After AirTrain JFK began operating, Jamaica saw a boom in commerce, and the area around Sutphin Boulevard in particular was expected to attract more business activity. A 15-screen movie theater opened in the area in early 2004, and developers were also planning a 13-floor building in the area. In 2004, the city proposed rezoning 40 blocks of Jamaica, centered around the AirTrain station, as a commercial area. According to the RPA, the rezoning was part of a proposal to re-envision Jamaica as a "regional center" because of the area's high usage as a transit hub. During the average weekday, 100,000 LIRR riders and 53,000 subway riders traveled to or from Jamaica, and the Port Authority had estimated that the AirTrain JFK would carry 12.4 million passengers a year. The area was rezoned in September 2007, and the first development to be proposed in the rezoned area, a 13-story merchandise mart and showroom building, was announced the next month.

A New York Times reporter wrote that the presence of AirTrain JFK riders was one factor in the redevelopment of downtown Jamaica, where, by 2011, three budget hotels had been developed near the Jamaica station. The area west of the Jamaica station was still underdeveloped, so many travelers chose to transfer to the LIRR or subway in Jamaica rather than stay there overnight.

==== Unbuilt extensions ====
Plans to extend the AirTrain to Manhattan were examined even before the system's opening.
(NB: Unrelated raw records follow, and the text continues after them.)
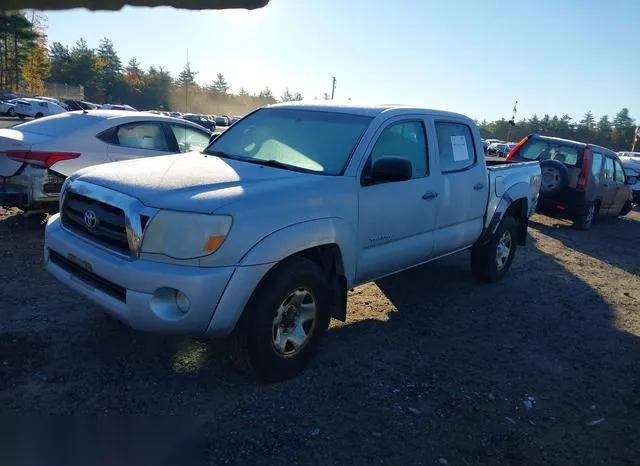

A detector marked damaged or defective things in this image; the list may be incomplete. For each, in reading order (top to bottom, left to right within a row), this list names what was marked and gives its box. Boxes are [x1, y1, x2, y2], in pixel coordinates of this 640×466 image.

damaged white car [1, 109, 214, 211]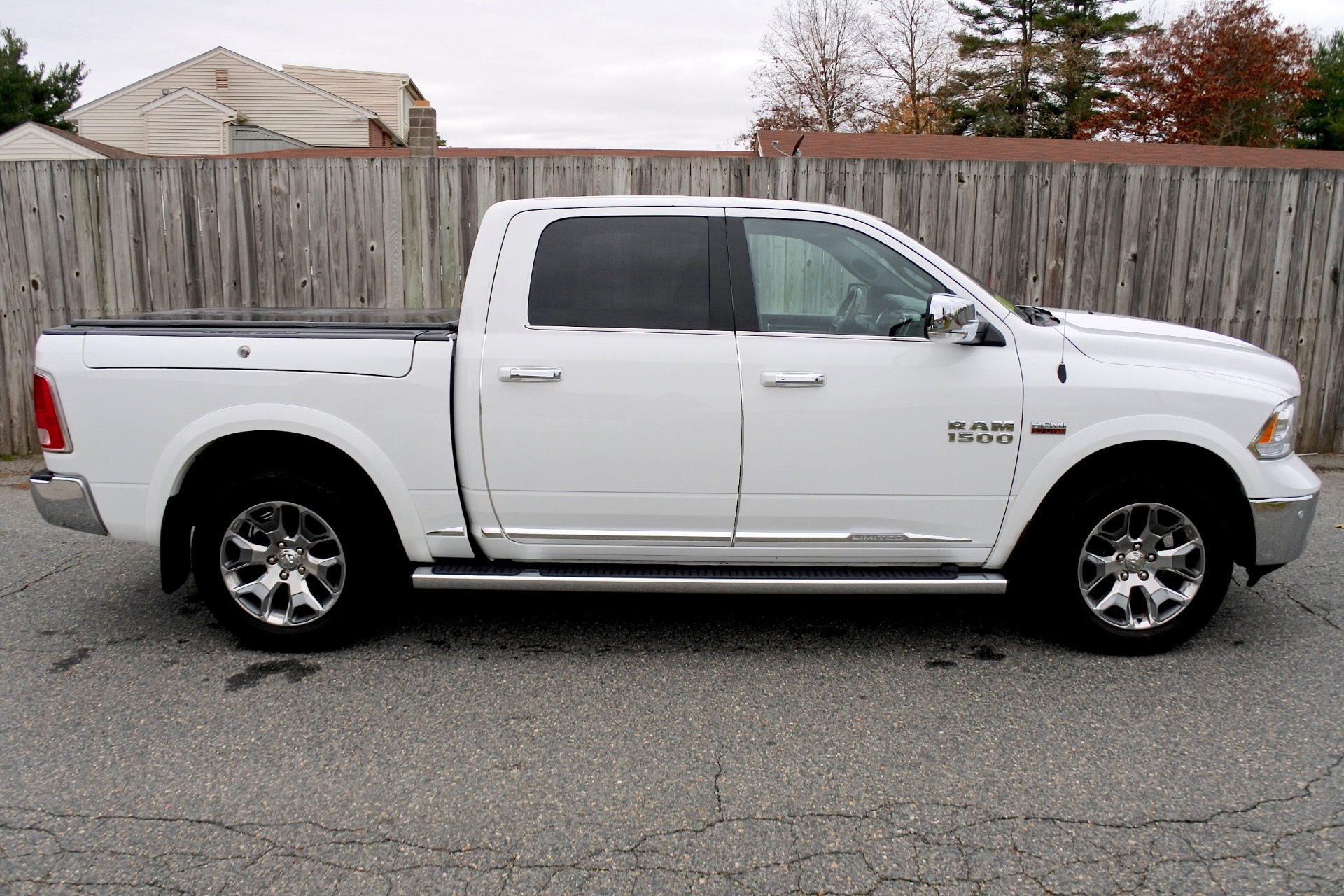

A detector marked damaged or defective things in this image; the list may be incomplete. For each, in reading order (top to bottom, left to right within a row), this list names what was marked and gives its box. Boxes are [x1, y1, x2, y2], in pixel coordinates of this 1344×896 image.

cracked pavement [2, 467, 1344, 892]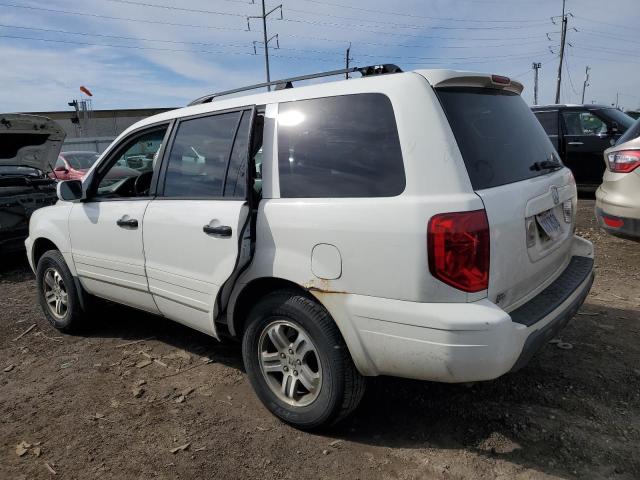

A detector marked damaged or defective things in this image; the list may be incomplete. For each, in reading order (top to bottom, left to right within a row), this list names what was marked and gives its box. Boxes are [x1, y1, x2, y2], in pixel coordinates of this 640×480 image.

salvage damage [0, 114, 64, 255]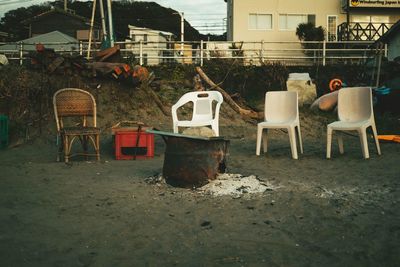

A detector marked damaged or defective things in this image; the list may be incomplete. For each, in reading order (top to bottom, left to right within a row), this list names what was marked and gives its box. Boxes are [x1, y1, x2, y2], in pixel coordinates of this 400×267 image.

In 1998, the Port Authority examined the possibility of reactivating the abandoned Rockaway Beach Branch, allowing LIRR trains to run from Manhattan directly onto the Howard Beach Branch. The RPA also published a report in 1999, in which it recommended the construction of new lines and stations for the New York City Subway. The plan included one service that would travel from Grand Central Terminal to JFK Airport via what eventually became the AirTrain. Ultimately, the MTA rejected the RPA's proposal.

U.S. senator Chuck Schumer had proposed a direct rail link from JFK Airport to Manhattan's Fulton Center the day the AirTrain opened. Between September 2003 and April 2004, several agencies, including the MTA and the Port Authority, conducted a feasibility study of the Lower Manhattan–Jamaica/JFK Transportation Project, which would allow trains to travel directly from JFK Airport to Manhattan. The study examined 40 alternatives, and four options for extending the AirTrain had been announced by early 2004. The project was halted in 2008 before an environmental impact statement could be created. Though a direct route to Grand Central was never built, the LIRR's East Side Access project opened in 2023, connecting the East Side of Manhattan to the Jamaica station. However, passengers were still required to transfer between the LIRR and AirTrain at Jamaica.

=== Renovation of JFK Airport ===
On January 4, 2017, the office of New York Governor Andrew Cuomo announced a $7–10 billion plan to renovate JFK Airport. As part of the project, the AirTrain JFK would either see lengthened trainsets or a direct track connection to the rest of New York City's transportation system, and a direct connection between the AirTrain, LIRR, and subway would be built at Jamaica station. Shortly after Cuomo's announcement, the Regional Plan Association published an unrelated study for a possible direct rail link between Manhattan and JFK Airport. Yet another study in September 2018, published by the MTA, examined alternatives for an LIRR rail link to JFK as part of a possible restoration of the abandoned Rockaway Beach Branch.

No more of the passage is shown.